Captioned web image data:
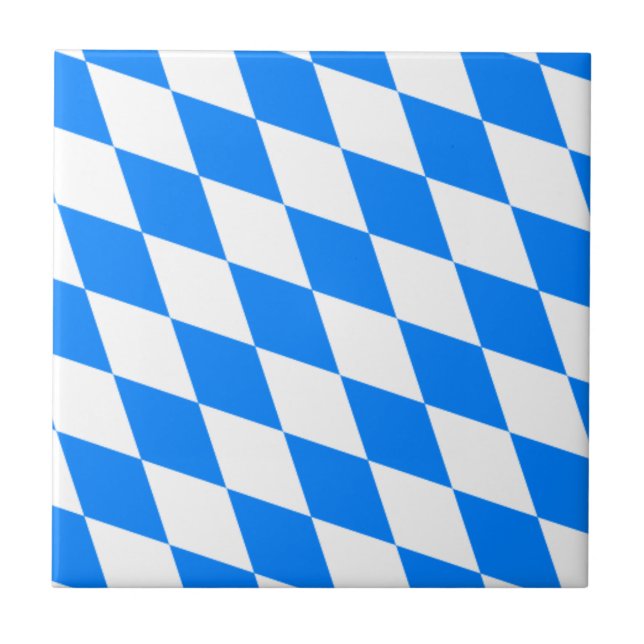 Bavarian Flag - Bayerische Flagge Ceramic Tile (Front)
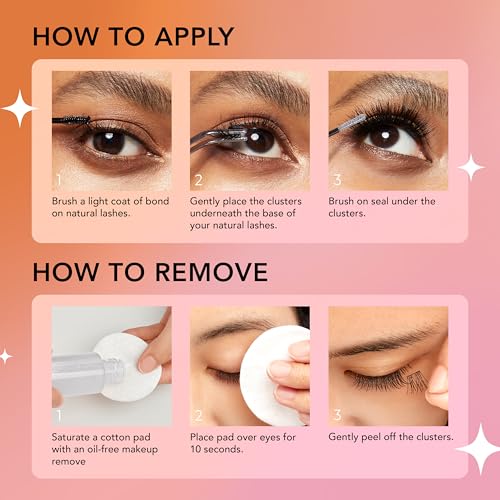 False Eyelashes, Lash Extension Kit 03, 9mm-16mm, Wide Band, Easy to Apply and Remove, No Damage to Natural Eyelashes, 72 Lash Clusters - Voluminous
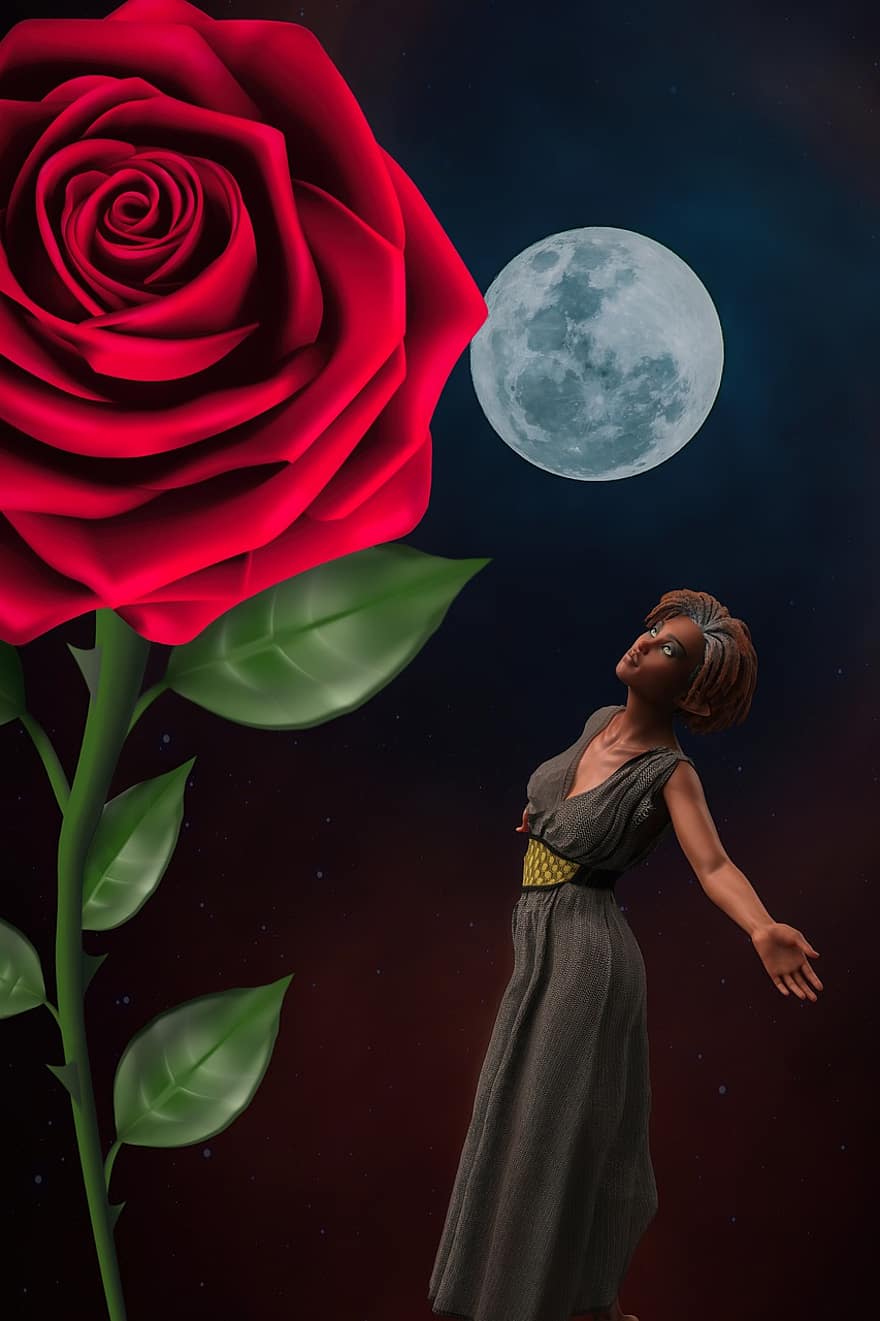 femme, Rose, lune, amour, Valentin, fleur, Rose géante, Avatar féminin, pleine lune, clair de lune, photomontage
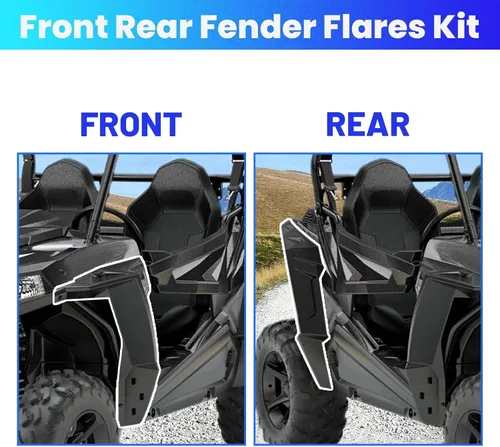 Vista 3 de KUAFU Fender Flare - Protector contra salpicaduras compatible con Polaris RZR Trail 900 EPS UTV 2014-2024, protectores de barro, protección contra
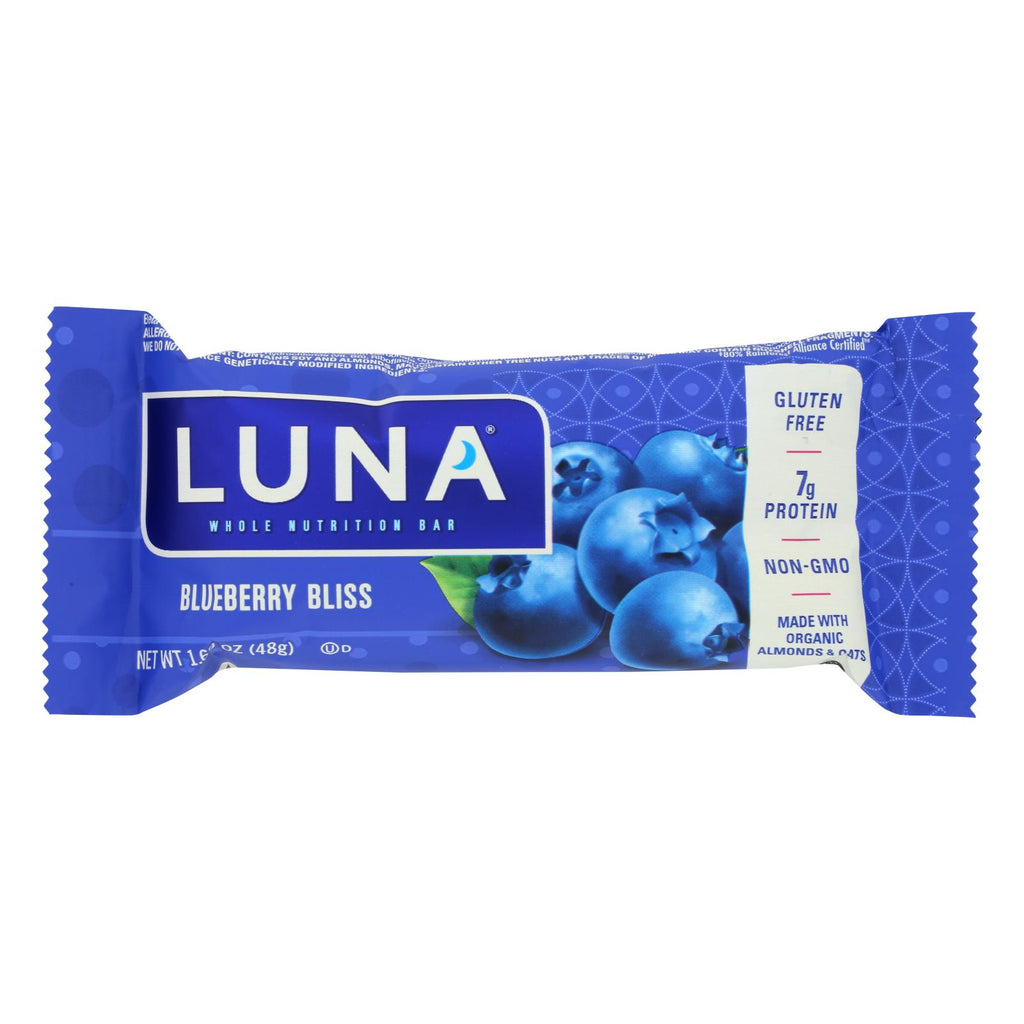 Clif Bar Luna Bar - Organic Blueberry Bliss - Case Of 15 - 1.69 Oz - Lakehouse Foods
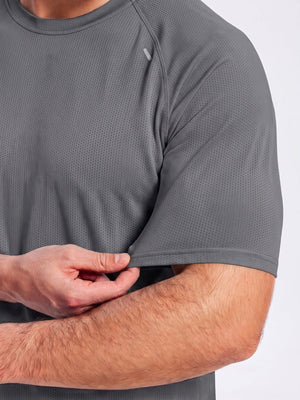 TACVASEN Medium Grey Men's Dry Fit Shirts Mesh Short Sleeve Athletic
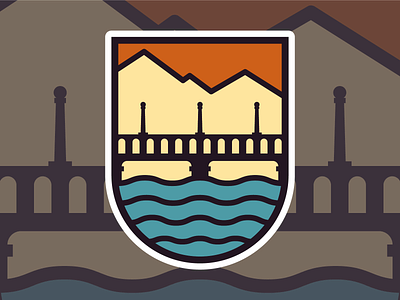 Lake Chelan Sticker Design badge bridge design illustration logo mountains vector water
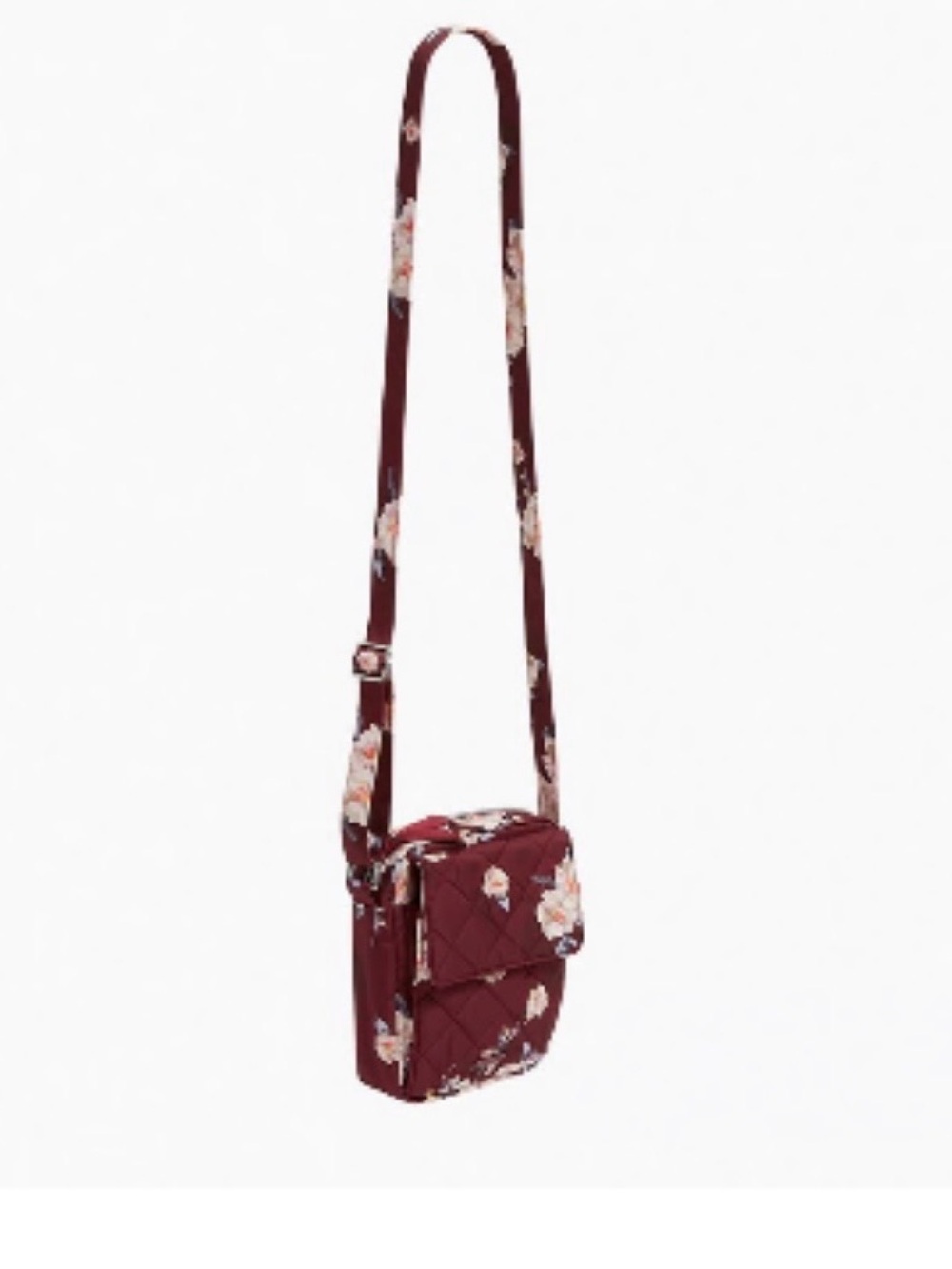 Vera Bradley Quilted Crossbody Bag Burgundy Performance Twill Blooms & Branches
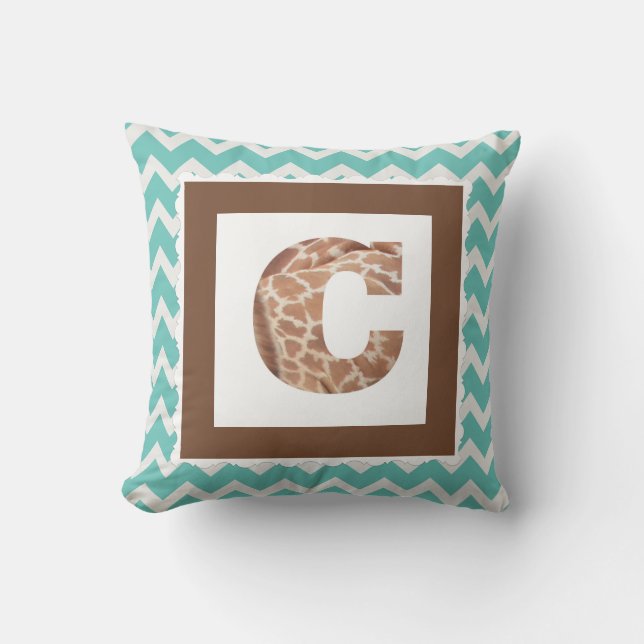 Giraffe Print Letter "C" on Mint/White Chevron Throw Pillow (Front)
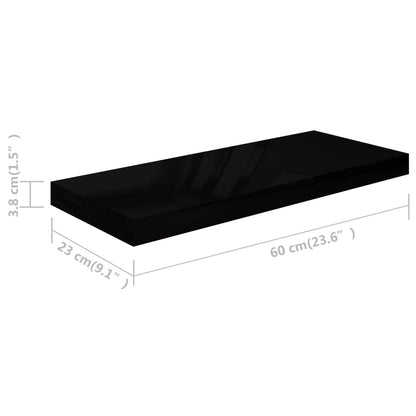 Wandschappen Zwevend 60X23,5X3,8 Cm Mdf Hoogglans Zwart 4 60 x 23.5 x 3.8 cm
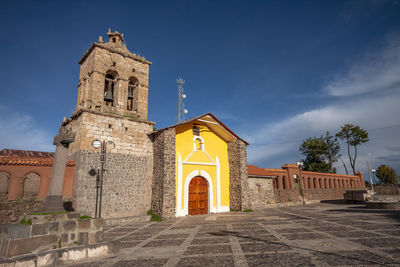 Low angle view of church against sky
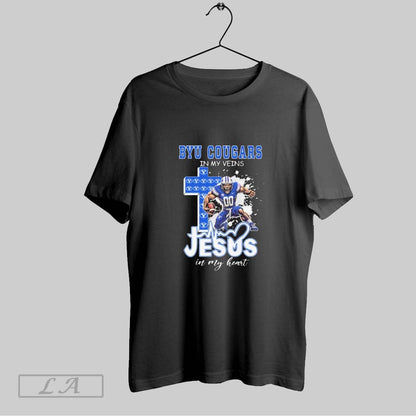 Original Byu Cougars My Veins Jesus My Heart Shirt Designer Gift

Exercise instructions:
All lines from the one bearing "Vera Bradley Quilted" through the last line of the records, and only those, should be duplicated exactly; no picture belongs in the copy.

Exercise solution:
 Vera Bradley Quilted Crossbody Bag Burgundy Performance Twill Blooms & Branches
 Giraffe Print Letter "C" on Mint/White Chevron Throw Pillow (Front)
 Wandschappen Zwevend 60X23,5X3,8 Cm Mdf Hoogglans Zwart 4 60 x 23.5 x 3.8 cm
 Low angle view of church against sky
 Original Byu Cougars My Veins Jesus My Heart Shirt Designer Gift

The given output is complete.